This constitutes without any doubt, from an historical point of view, an extraordinarily remarkable quality. Never before in the history of the workers’ movement has the working class of any nation maintained itself on a war footing against the attacks of the counter-revolution for so long, still less with the savage economic assault from which it has been suffering progressively over the last 5 years.

Thirdly, there is the role played by the PSUV party machinery, which applied a great deal of pressure on its Chavista base in order to mobilise it into the voting stations. It could even be said that, in a much more accentuated way than in previous elections, the cadres of the party apparatus used social benefits such as the “CLAP” (government provided food parcels), old-age pensions, special pensions such as “mothers of the barrio” and the “chamba juvenil” plan, in order to pressurise recipients of these benefits to mobilise for the vote, practically a clear act of blackmail. The same thing occurred amongst sections of public administration workers who were pressurised by their bosses to go and vote.

The attitude of the party tops and those charged with the direction of the state on Sunday was very reminiscent of the old “adeco” style of doing politics, in that the will of the working masses and poor was bought with a mix of offering food bags and social benefits along with threats of the suspension of those benefits previously granted.
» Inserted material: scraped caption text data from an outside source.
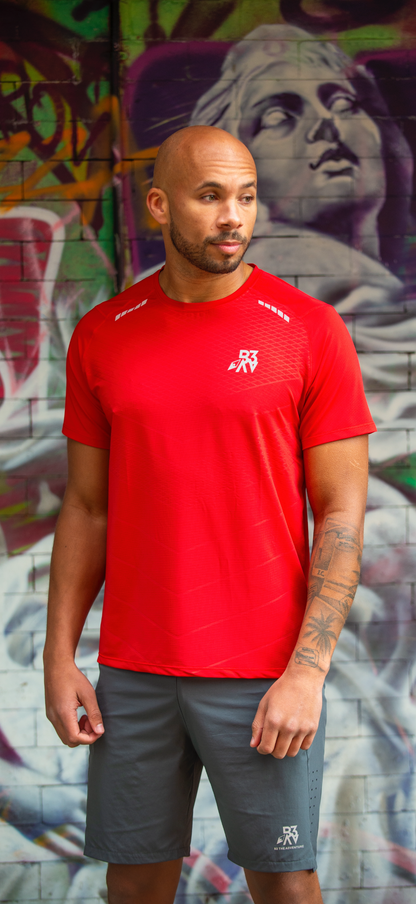 Men's North.1 T-Shirt- Red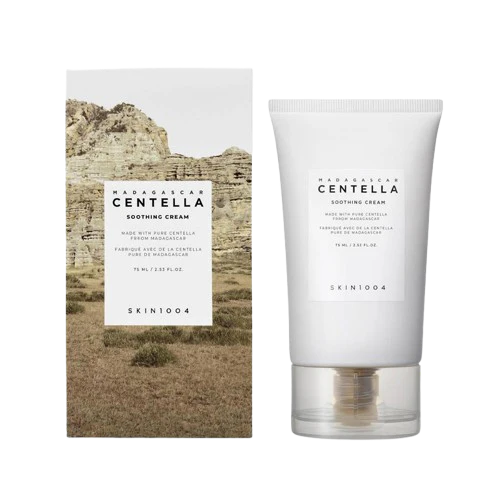 SKIN1004 MADAGASCAR CENTELLA SOOTHING CREAM Łagodzący krem do twarzy 75 ml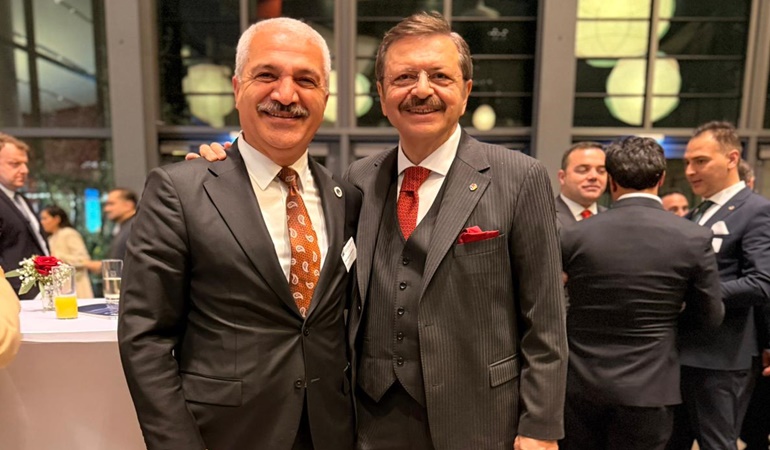 Gebze Ticaret Odası Başkanı Aslantaş, Almanya’daki o konferansa katıldı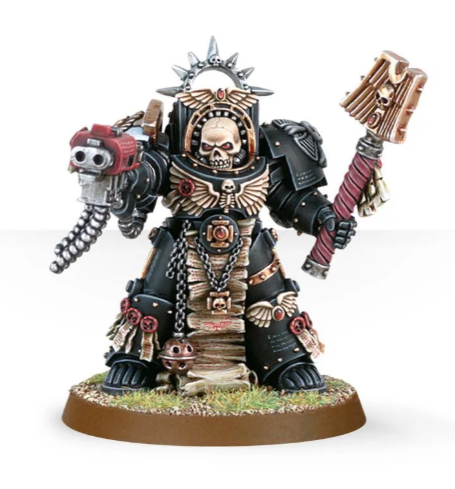 Terminator Chaplain | Dumpster Cat Games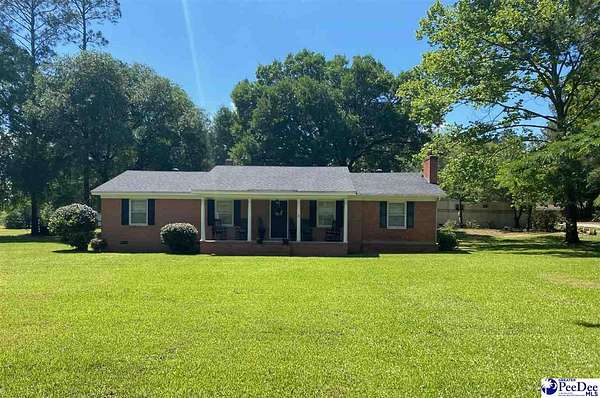 1.8 Acres of Land with Home for Sale in Cheraw, South Carolina
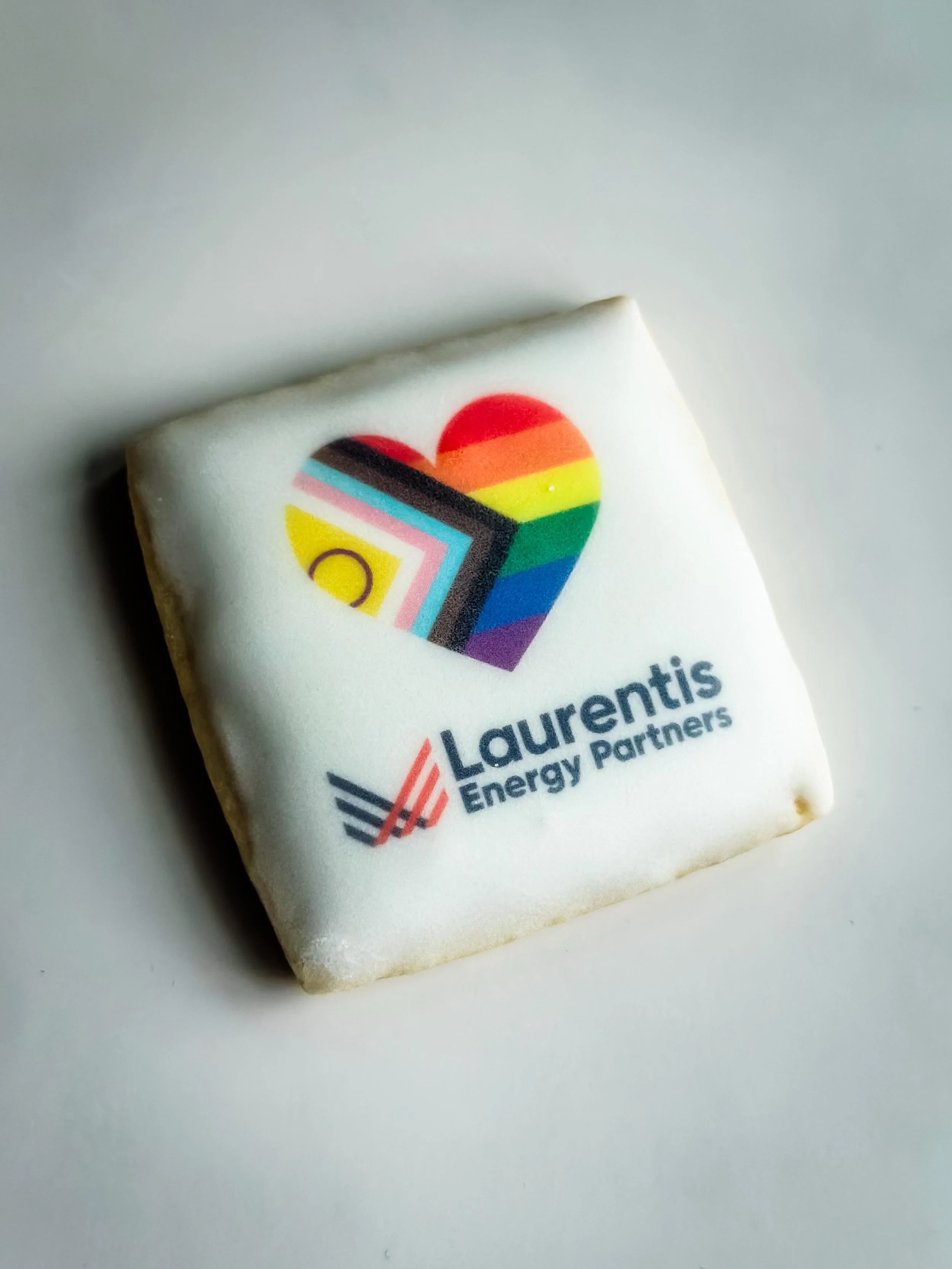 Celebrate Pride with custom cookies made to share your message. From branded logo cookies to colourful Pride hearts, we create desserts that make every event a little sweeter. 🌈

Visit the link in our bio for more details! 🔗

#PrideCookies #LogoCoo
These three factors permit an understanding of the contradictory and paradoxical fact that the PSUV, in spite of the country living through one of the worst situations of social crisis in its history, certainly as a consequence on the one hand of the economic sabotage of the bourgeoisie, but also due to the narrow reformist policies of class conciliation and concessions to the capitalists, was able to “reverse” the political situation and crushingly defeat the right in the regional elections.

 

Perspectives for the coming months

Although the victory won on Sunday was very important, in that it signified a new defeat for the forces of counter-revolution, the only real advantage of such a victory is that it allows the working class to gain time to organise and prepare itself for the necessary class combat which must take place against both reformism and the bourgeoisie.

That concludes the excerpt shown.